Some of the kicks from shallow sands are caused by charged formations.

Causes of charged formations:
  • Poor cement jobs.
  • Casing leaks.
  • Injection operations.
  • Improper abandonment.
  • Previous underground blowouts can produce charged formations.


a) Drill Stem Testing (DST)

The formation test is one of the most hazardous operations encountered in drilling and completing oil and gas wells. The potential for stuck tools, blowouts, lost circulations, etc., is greatly increased.

A drill stem test is performed by setting a packer above the formation to be tested, and allowing the formation to flow. Down hole chokes can be incorporated in the test string to limit surface pressures and flow rates to the capabilities of the surface equipment to handle or dispose of the produced fluid.

During the course of the test, the bore hole or casing below the packer, and at least a portion of the drill pipe or tubing, is filled with formation fluid. At the conclusion of the test, this fluid must be removed by proper well control techniques to return the well to a safe condition. Failure to follow the correct procedures to kill the well could lead to a blowout.

b) Drilling Into an Adjacent Well

Drilling into an adjacent well is a potential problem, particularly offshore where a large number of directional wells are drilled from the same platform. If the drilling well penetrates the production string of a previously completed well, the formation fluid from the completed well will enter the wellbore of the drilling well, causing a kick.
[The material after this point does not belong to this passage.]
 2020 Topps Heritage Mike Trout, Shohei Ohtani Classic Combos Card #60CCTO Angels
If this occurs at a shallow depth, it is an extremely dangerous situation and could easily result in an uncontrolled blowout.

c) Excessive Drilling Rate Through a Gas Sand/Limestone

When drilling a gas bearing formation, the mud weight will be gas cut due to the gas breaking out of the pore space of the cuttings near the surface. The severity of the influx will depend on the penetration rate, porosity and permeability, and is independent of mud weight.
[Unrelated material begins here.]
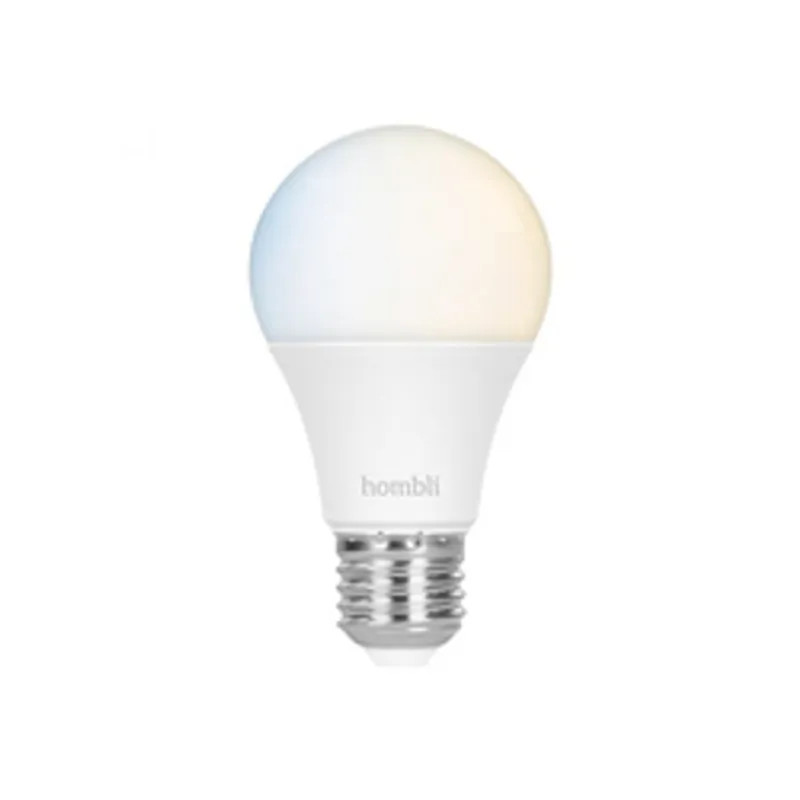 Lampadina smart Hombli E27 CCT con vetro a luce gradiente blu e gialla calda, base metallica E27 in ambiente domestico.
The importance attached to gas cutting is that gas is entering the wellbore in small quantities, which calls for caution. Degassing is necessary to ensure that good mud is being pumped back into the hole to prevent the percentage of gas from increasing with each circulation, which would allow greater and greater bottom hole hydrostatic pressure reductions.
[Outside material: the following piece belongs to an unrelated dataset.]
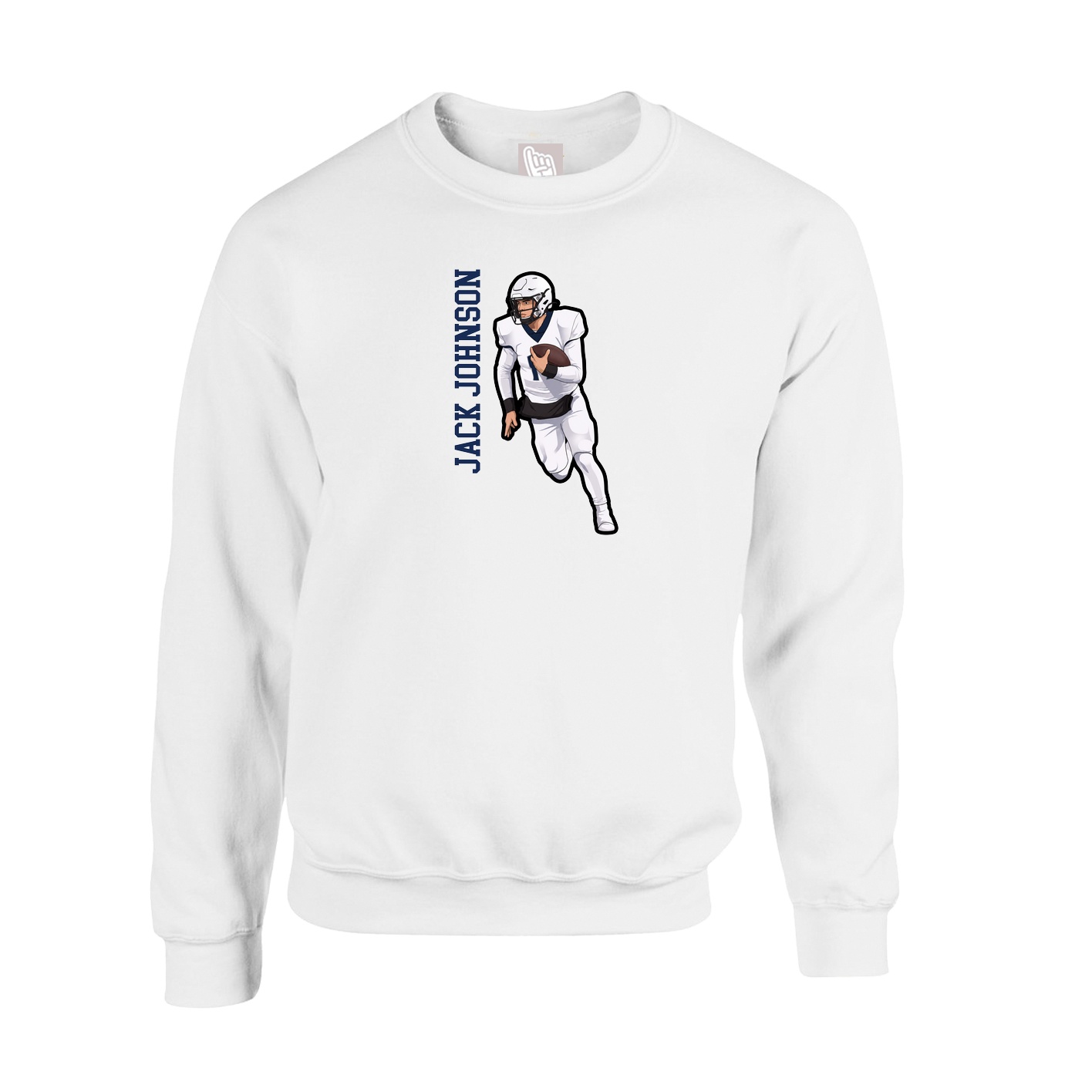 Fleece Crew — Name Vertical in White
Reduction in Hydrostatic Head Due to Gas Cutting of the Mud

Most of mud cutting is close to surface. Divert flow through choke manifold to prevent belching and to safely contain gas through mud gas separator. Time drill the gas cap to prevent severe gas cutting of mud.

Gas cutting alone does not indicate the well is kicking, unless it is associated with pit gain. Allowing the well to belch over the nipple could cause reduction in hydrostatic pressure to the point that the formation would start flowing, resulting in a kick.